Ford Mustang tej generacji ma być z nami jeszcze do 2026 r. Siedem lat to w motoryzacji szmat czasu, dlatego możemy się spodziewać, że Amerykanie przyszykują jeszcze jeden lifting modelu. Ford Mustang sprzedaje się na tyle dobrze, że nie będzie potrzebował rewolucyjnych zmian. Tym tropem Ford poszedł przy okazji pierwszego liftingu - lekko podrasował wygląd pony cara, ulepszył materiały w kabinie i wyposażył Mustanga w garść nowoczesnych systemów.
Mustang z pewnością doczeka się nowych wersji silnikowych. Dzisiaj amerykańskie media rozpisują się o zbliżającej się premierze mocniejszej odmiany z silnikiem 2.3 EcoBoost. Aktualnie bazowy silnik dostarcza od 290 do 310 KM (zależy od rynku). We wzmocnionym wydaniu Mustang EcoBoost miałby mieć 350 KM, tyle, ile z tym samym silnikiem ma Focus RS.
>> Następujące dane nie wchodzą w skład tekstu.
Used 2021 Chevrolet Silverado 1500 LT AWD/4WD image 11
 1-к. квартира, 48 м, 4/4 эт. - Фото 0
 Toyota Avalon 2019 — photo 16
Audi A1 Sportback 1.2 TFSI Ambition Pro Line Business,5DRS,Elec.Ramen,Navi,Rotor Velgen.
Jeszcze ciekawsze są informacje o zbliżającej się elektryfikacji Mustanga. Już niedługo w ofercie ma pojawić się hybryda, o której nie mamy jeszcze żadnych potwierdzonych informacji. Do sieci wyciekł jednak wniosek patentowy, gdzie pierwsze skrzypce wciąż gra jednostka V8. Więcej pisaliśmy o tym w tym miejscu:
W tym tygodniu pojawiła się też informacja, że Ford zastrzegł nazwę Mustang Mach-E. Z tego co wiemy, będzie to elektryczny crossover, który garściami będzie czerpał z wyglądu Mustanga. Na jednym ładowaniu ma przejechać nawet 482 km.
No i nie możemy zapominać o wersjach specjalnych.
Amerykanie są w nich mistrzami, co Ford udowodnił Mustangiem Bullitem, który okazał się wielkim sukcesem.